Westward Women

Written by Alice Martin
Review by Lucienne Boyce

Set in 1973 during the Vietnam War, Westward Women combines historical, dystopian, and road trip fiction. A mysterious virus is affecting young women who, compelled by the infection, abandon their homes, head to the Pacific Ocean, and vanish. A man known as the Piper has appointed himself to pick up women and drive them west, but his motives are obscure.

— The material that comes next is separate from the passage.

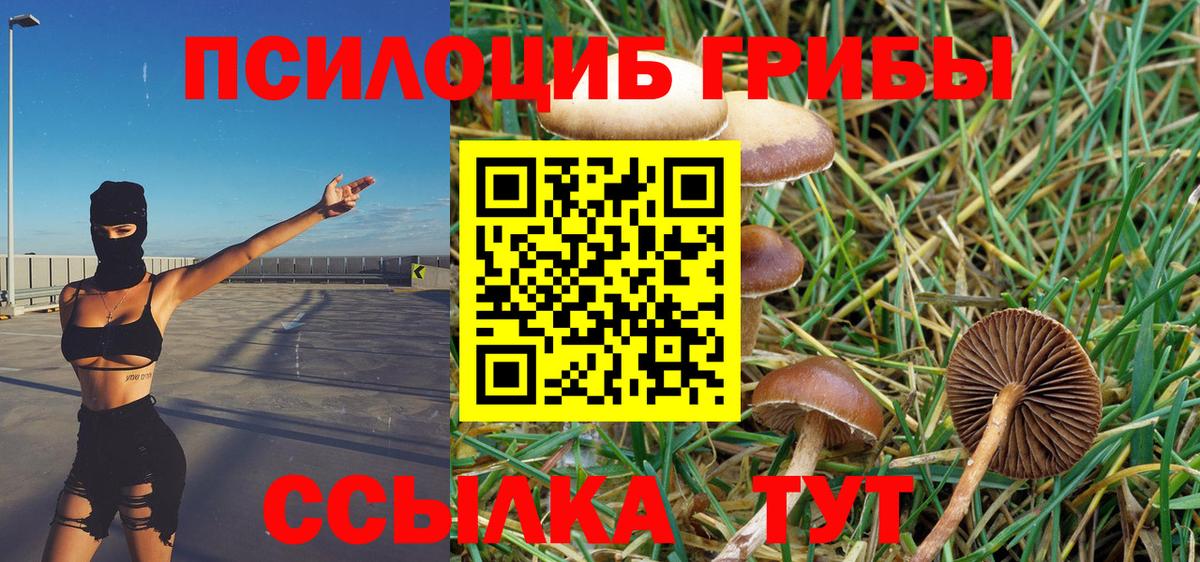 Галлюциногенные грибы Psilocybine cubensis Сертолово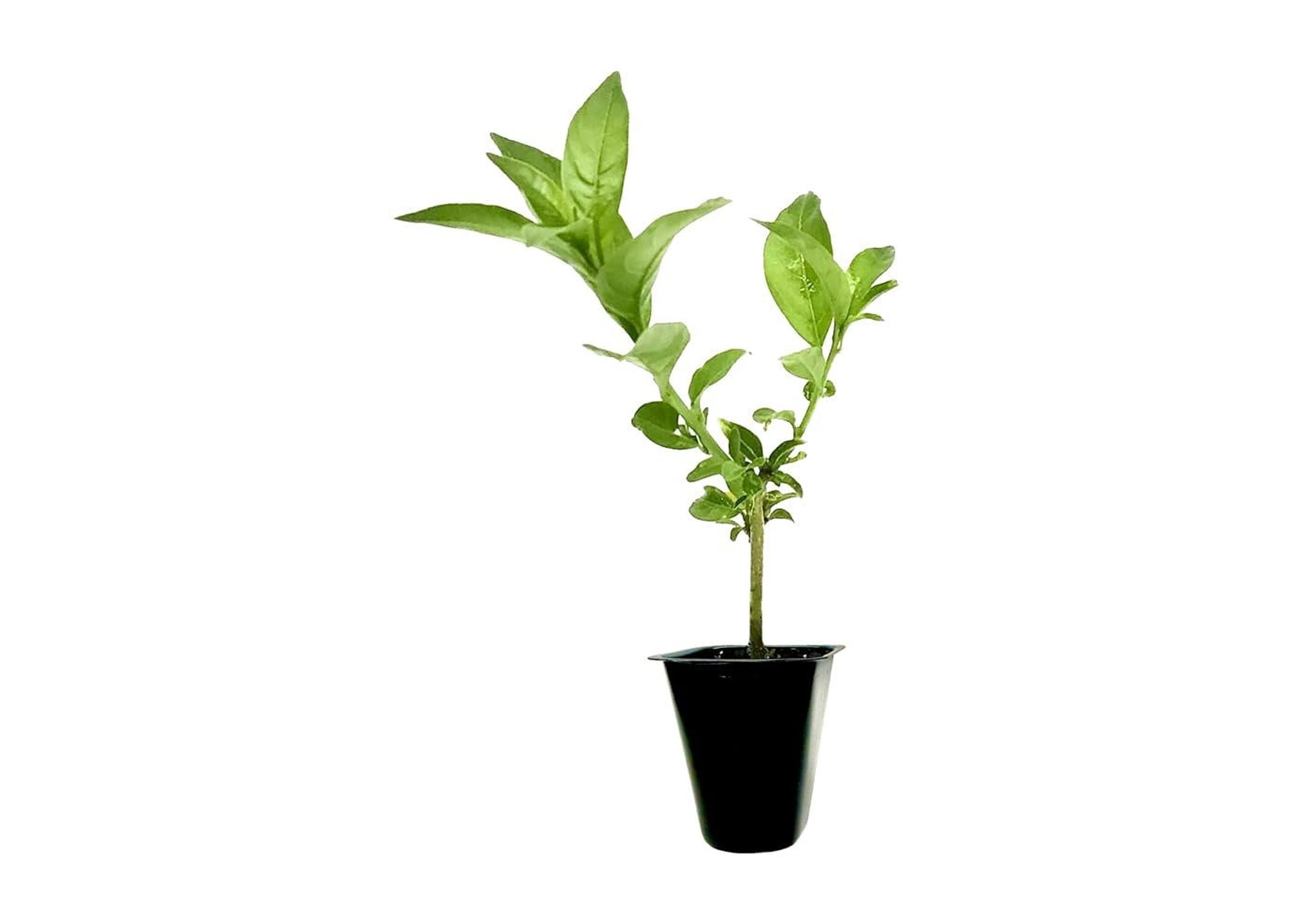 Night Blooming Jasmine Plant (cestrum Nocturnum) - Fragrant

Aimee, a college graduate, is looking for the Piper in the hope of finding her missing friend. Eve, a journalist, is on his trail because she wants to write a story about him and revive her flagging career. Teenie, troubled by the disappearance of her sister many years ago and now infected, is already on his bus.

What starts as an intriguing premiss becomes unsatisfyingly vague as the novel progresses. The virus is never explained, there’s no sense of its progress, no sense that it even exists. Perhaps it should be read as an allegory or metaphor: It’s the sort of question which might appeal to book groups. In spite of their varied back stories, the characters become indistinguishable. The denouement is predictable, and the ending relies on absurd coincidences that undermine the credibility of the story.

However, historical detail is nicely evoked: bell bottoms, bazooka gum, Janis Joplin. It is a boldly feminist tale, raising issues such as bodily autonomy in prose that is sensuous, even visceral. The sense of smell in particular is vivid: sweat, patchouli, smoke. It is told in multiple viewpoints in first, second and third person and using past and present tenses, and these technical elements are well handled. The imagery is striking, such as multiple references to skin splitting or cutting. Westward Women has a poetic, dream-like quality which will appeal to readers who enjoy a novel that is more atmospheric than plot-driven.